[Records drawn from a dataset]
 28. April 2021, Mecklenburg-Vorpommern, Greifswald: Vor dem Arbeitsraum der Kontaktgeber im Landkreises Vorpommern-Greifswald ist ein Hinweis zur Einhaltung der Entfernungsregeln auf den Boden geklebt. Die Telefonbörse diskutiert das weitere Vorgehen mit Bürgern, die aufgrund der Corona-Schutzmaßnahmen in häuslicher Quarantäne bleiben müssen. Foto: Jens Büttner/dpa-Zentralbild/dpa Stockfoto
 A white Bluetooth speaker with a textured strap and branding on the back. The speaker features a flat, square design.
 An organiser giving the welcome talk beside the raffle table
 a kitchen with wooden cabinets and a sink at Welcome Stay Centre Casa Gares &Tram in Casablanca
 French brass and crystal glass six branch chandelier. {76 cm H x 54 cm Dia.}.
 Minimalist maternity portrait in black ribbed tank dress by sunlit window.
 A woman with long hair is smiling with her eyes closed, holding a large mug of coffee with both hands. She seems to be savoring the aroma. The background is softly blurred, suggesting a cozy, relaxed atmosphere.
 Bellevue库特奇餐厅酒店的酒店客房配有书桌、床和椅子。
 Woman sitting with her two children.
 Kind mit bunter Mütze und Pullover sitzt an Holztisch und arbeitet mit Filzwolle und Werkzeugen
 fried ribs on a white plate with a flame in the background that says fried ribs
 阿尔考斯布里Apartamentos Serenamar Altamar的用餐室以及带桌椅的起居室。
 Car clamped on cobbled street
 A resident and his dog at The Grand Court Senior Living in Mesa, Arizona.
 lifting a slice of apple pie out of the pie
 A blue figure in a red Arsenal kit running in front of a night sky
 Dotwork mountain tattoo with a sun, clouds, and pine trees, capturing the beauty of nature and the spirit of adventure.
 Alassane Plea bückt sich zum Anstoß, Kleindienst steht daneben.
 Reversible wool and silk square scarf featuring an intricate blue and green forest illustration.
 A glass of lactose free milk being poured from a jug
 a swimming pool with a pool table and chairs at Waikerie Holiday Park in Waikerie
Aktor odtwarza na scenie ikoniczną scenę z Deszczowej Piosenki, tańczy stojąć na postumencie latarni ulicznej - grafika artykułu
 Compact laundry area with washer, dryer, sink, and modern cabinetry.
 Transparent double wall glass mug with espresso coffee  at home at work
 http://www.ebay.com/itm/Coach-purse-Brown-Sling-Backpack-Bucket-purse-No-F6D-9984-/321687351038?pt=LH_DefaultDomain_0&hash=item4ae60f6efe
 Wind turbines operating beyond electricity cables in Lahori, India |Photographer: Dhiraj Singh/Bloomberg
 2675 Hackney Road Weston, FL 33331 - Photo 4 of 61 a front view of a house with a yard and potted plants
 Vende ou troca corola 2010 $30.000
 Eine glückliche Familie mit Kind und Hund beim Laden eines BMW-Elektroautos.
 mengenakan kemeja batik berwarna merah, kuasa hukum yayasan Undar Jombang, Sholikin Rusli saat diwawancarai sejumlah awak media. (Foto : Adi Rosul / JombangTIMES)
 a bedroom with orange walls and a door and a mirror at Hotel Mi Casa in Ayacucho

■ WHAT TO WORK ON
Nothing should be missing: every line above must be reproduced exactly.

■ REPLY
 28. April 2021, Mecklenburg-Vorpommern, Greifswald: Vor dem Arbeitsraum der Kontaktgeber im Landkreises Vorpommern-Greifswald ist ein Hinweis zur Einhaltung der Entfernungsregeln auf den Boden geklebt. Die Telefonbörse diskutiert das weitere Vorgehen mit Bürgern, die aufgrund der Corona-Schutzmaßnahmen in häuslicher Quarantäne bleiben müssen. Foto: Jens Büttner/dpa-Zentralbild/dpa Stockfoto
 A white Bluetooth speaker with a textured strap and branding on the back. The speaker features a flat, square design.
 An organiser giving the welcome talk beside the raffle table
 a kitchen with wooden cabinets and a sink at Welcome Stay Centre Casa Gares &Tram in Casablanca
 French brass and crystal glass six branch chandelier. {76 cm H x 54 cm Dia.}.
 Minimalist maternity portrait in black ribbed tank dress by sunlit window.
 A woman with long hair is smiling with her eyes closed, holding a large mug of coffee with both hands. She seems to be savoring the aroma. The background is softly blurred, suggesting a cozy, relaxed atmosphere.
 Bellevue库特奇餐厅酒店的酒店客房配有书桌、床和椅子。
 Woman sitting with her two children.
 Kind mit bunter Mütze und Pullover sitzt an Holztisch und arbeitet mit Filzwolle und Werkzeugen
 fried ribs on a white plate with a flame in the background that says fried ribs
 阿尔考斯布里Apartamentos Serenamar Altamar的用餐室以及带桌椅的起居室。
 Car clamped on cobbled street
 A resident and his dog at The Grand Court Senior Living in Mesa, Arizona.
 lifting a slice of apple pie out of the pie
 A blue figure in a red Arsenal kit running in front of a night sky
 Dotwork mountain tattoo with a sun, clouds, and pine trees, capturing the beauty of nature and the spirit of adventure.
 Alassane Plea bückt sich zum Anstoß, Kleindienst steht daneben.
 Reversible wool and silk square scarf featuring an intricate blue and green forest illustration.
 A glass of lactose free milk being poured from a jug
 a swimming pool with a pool table and chairs at Waikerie Holiday Park in Waikerie
Aktor odtwarza na scenie ikoniczną scenę z Deszczowej Piosenki, tańczy stojąć na postumencie latarni ulicznej - grafika artykułu
 Compact laundry area with washer, dryer, sink, and modern cabinetry.
 Transparent double wall glass mug with espresso coffee  at home at work
 http://www.ebay.com/itm/Coach-purse-Brown-Sling-Backpack-Bucket-purse-No-F6D-9984-/321687351038?pt=LH_DefaultDomain_0&hash=item4ae60f6efe
 Wind turbines operating beyond electricity cables in Lahori, India |Photographer: Dhiraj Singh/Bloomberg
 2675 Hackney Road Weston, FL 33331 - Photo 4 of 61 a front view of a house with a yard and potted plants
 Vende ou troca corola 2010 $30.000
 Eine glückliche Familie mit Kind und Hund beim Laden eines BMW-Elektroautos.
 mengenakan kemeja batik berwarna merah, kuasa hukum yayasan Undar Jombang, Sholikin Rusli saat diwawancarai sejumlah awak media. (Foto : Adi Rosul / JombangTIMES)
 a bedroom with orange walls and a door and a mirror at Hotel Mi Casa in Ayacucho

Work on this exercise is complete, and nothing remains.